Tale sentenza veniva gravata dall’OPL chiedendo, in riforma di essa, l’accoglimento delle domande svolte in primo grado.
Il Tribunale aveva annullato il provvedimento espulsivo avendo ritenuto di non dover esaminare il ‘ fatto decisivo, cardine della motivazione della radiazione e oggetto di discussione tra le parti ‘, consistente nella sovrapposizione della figura abusiva del counselor -promossa dalla COGNOME in violazione delle norme deontologiche -a quella sanitaria di psicologo protetta ex lege , rinunciando pertanto a comprendere e ad apprezzare le ragioni ostative all’accreditamento del counseling in Italia e financo ad una proposta normativa in questo senso.
Veniva inoltre contestata l’erroneità della compensazione delle spese giudiziali tra l’OPL e gli psicologi intervenuti, a carico dei
quali dovevano essere poste per l’intero, stante la declaratoria di inammissibilità dell’intervento da loro proposto.
La Corte di Appello di Roma, con sentenza n. 5254 del 20 luglio 2023, condannava in solido gli intervenuti alle spese del primo grado, in parziale riforma della sentenza gravata, e per il resto confermava la decisione, condannando l’appellante a rifondere all’appellata le spese dell’appello e gli intervenuti soccombenti al pagamento all’appellante delle spese dello stesso grado.
Nel merito, infatti, la Corte era dello stesso avviso del Tribunale, ritenendo esulasse dalla sfera della cognizione giurisdizionale l’apprezzamento delle problematiche relative alla delimitazione delle attività e dei compiti esercitabili dal counselor , trattandosi di questioni scientifiche controverse, rispetto alle quali la libera manifestazione del pensiero non può incontrare limiti di sorta, ed essendo perciò irrilevante la maggiore o minore fondatezza della posizione assunta dall’Ordine o dalla professionista.

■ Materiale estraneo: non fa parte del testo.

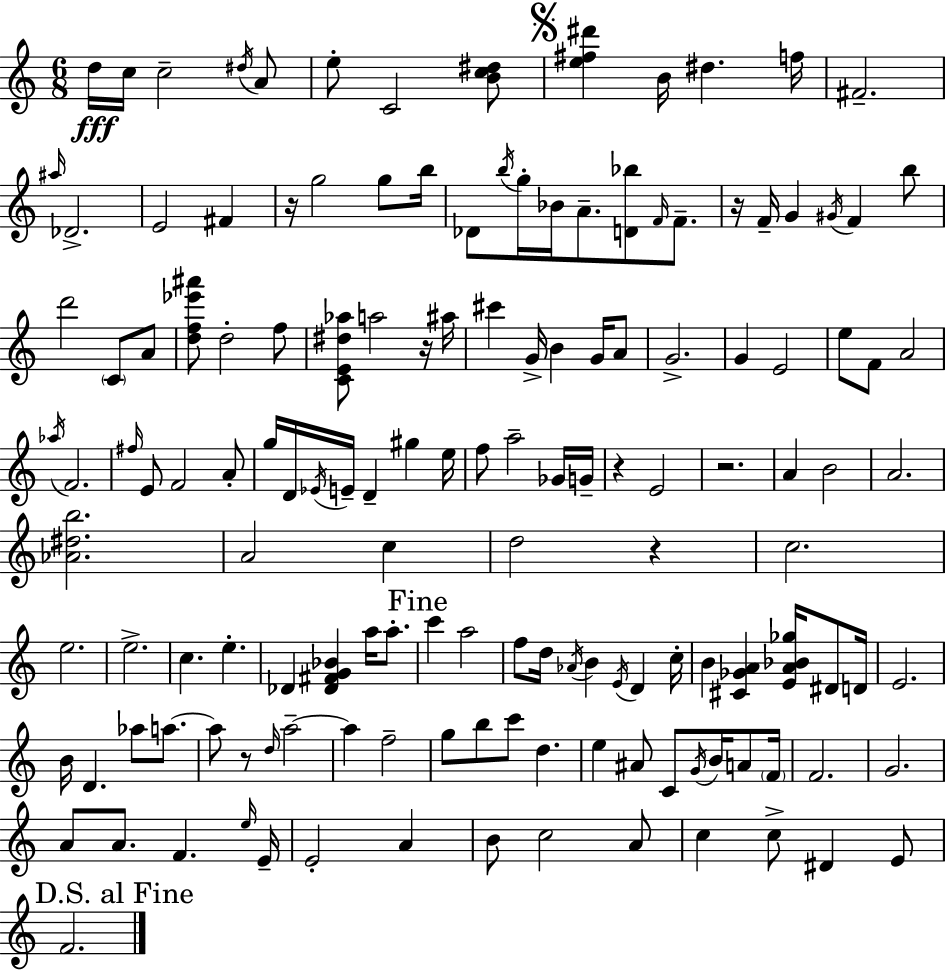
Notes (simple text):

D5/s C5/s C5/h D#5/s A4/e E5/e C4/h [B4,C5,D#5]/e [E5,F#5,D#6]/q B4/s D#5/q. F5/s F#4/h. A#5/s Db4/h. E4/h F#4/q R/s G5/h G5/e B5/s Db4/e B5/s G5/s Bb4/s A4/e. [D4,Bb5]/e F4/s F4/e. R/s F4/s G4/q G#4/s F4/q B5/e D6/h C4/e A4/e [D5,F5,Eb6,A#6]/e D5/h F5/e [C4,E4,D#5,Ab5]/e A5/h R/s A#5/s C#6/q G4/s B4/q G4/s A4/e G4/h. G4/q E4/h E5/e F4/e A4/h Ab5/s F4/h. F#5/s E4/e F4/h A4/e G5/s D4/s Eb4/s E4/s D4/q G#5/q E5/s F5/e A5/h Gb4/s G4/s R/q E4/h R/h. A4/q B4/h A4/h. [Ab4,D#5,B5]/h. A4/h C5/q D5/h R/q C5/h. E5/h. E5/h. C5/q. E5/q. Db4/q [Db4,F#4,G4,Bb4]/q A5/s A5/e. C6/q A5/h F5/e D5/s Ab4/s B4/q E4/s D4/q C5/s B4/q [C#4,Gb4,A4]/q [E4,A4,Bb4,Gb5]/s D#4/e D4/s E4/h. B4/s D4/q. Ab5/e A5/e. A5/e R/e D5/s A5/h A5/q F5/h G5/e B5/e C6/e D5/q. E5/q A#4/e C4/e G4/s B4/s A4/e F4/s F4/h. G4/h. A4/e A4/e. F4/q. E5/s E4/s E4/h A4/q B4/e C5/h A4/e C5/q C5/e D#4/q E4/e F4/h.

La Corte ha, invece, limitato la propria decisione alla verifica in concreto della corrispondenza fra la partecipazione al tavolo tecnico pre-normativo, di studio e di approfondimento, previsto normativamente, e l’illecito disciplinare attribuito all’appellata, giungendo a negare la sussistenza di un’omessa motivazione in relazione alle censure veicolate dall’Ordine, avendo apprezzato nel merito che la condotta della professionista era espressione di una mera opinione nell’ambito di un dibattito tecnico -scientifico a ciò appositamente deputato, escludendo che vi sia un dovere generale per gli iscritti negli ordini professionali di soggiacere alle indicazioni di essi che ne limitino il diritto di manifestazione del pensiero.
Avverso tale sentenza l’OPL ha proposto nei termini ricorso per cassazione affidandolo a due motivi.
La dott.ssa COGNOME resiste con controricorso.
Il Pubblico Ministero ha depositato conclusioni scritte.
La controricorrente ha depositato memorie in prossimità dell’udienza.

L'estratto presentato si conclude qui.